#### Data for this exercise:
━━━━

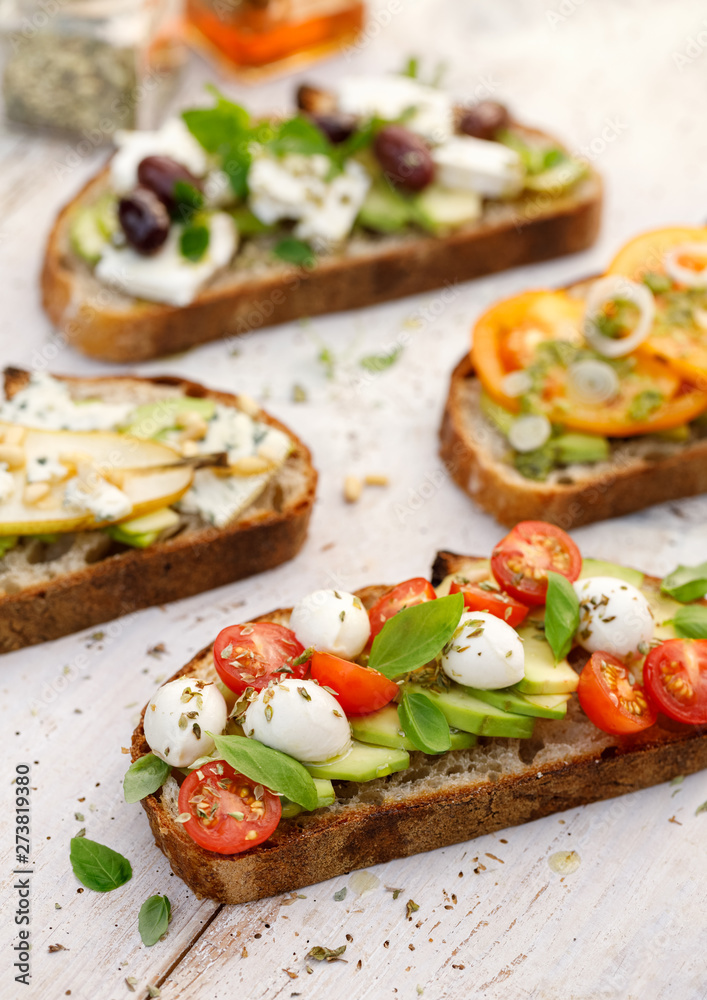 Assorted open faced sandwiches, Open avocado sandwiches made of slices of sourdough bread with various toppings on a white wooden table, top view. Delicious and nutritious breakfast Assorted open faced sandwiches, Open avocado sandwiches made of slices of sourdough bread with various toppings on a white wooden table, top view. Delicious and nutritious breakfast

━━━━

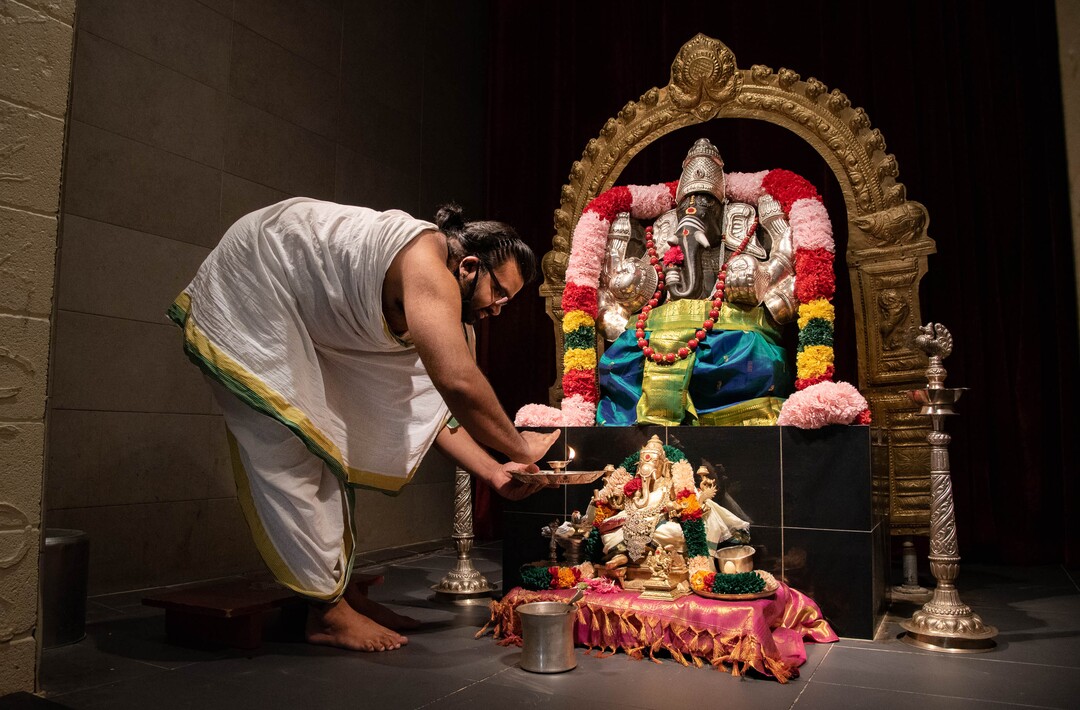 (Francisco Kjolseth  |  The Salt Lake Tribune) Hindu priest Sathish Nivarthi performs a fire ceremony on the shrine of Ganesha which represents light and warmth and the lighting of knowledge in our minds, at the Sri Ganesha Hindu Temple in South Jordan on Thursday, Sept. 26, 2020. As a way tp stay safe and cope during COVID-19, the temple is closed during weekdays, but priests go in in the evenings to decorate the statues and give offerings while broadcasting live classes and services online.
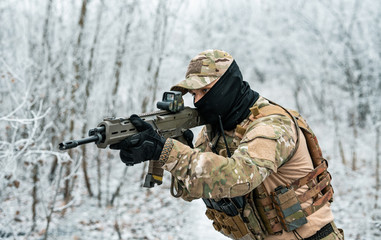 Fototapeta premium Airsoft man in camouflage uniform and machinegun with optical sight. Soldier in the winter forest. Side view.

━━━━

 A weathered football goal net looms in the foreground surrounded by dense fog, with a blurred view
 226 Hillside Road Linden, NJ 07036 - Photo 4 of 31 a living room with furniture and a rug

━━━━

#### Your assignment:
Please return only the lines above, starting at the line that has "A weathered football" and ending at the line that has "226 Hillside Road", keeping both and leaving each one unchanged.

#### Result for this task:
 A weathered football goal net looms in the foreground surrounded by dense fog, with a blurred view
 226 Hillside Road Linden, NJ 07036 - Photo 4 of 31 a living room with furniture and a rug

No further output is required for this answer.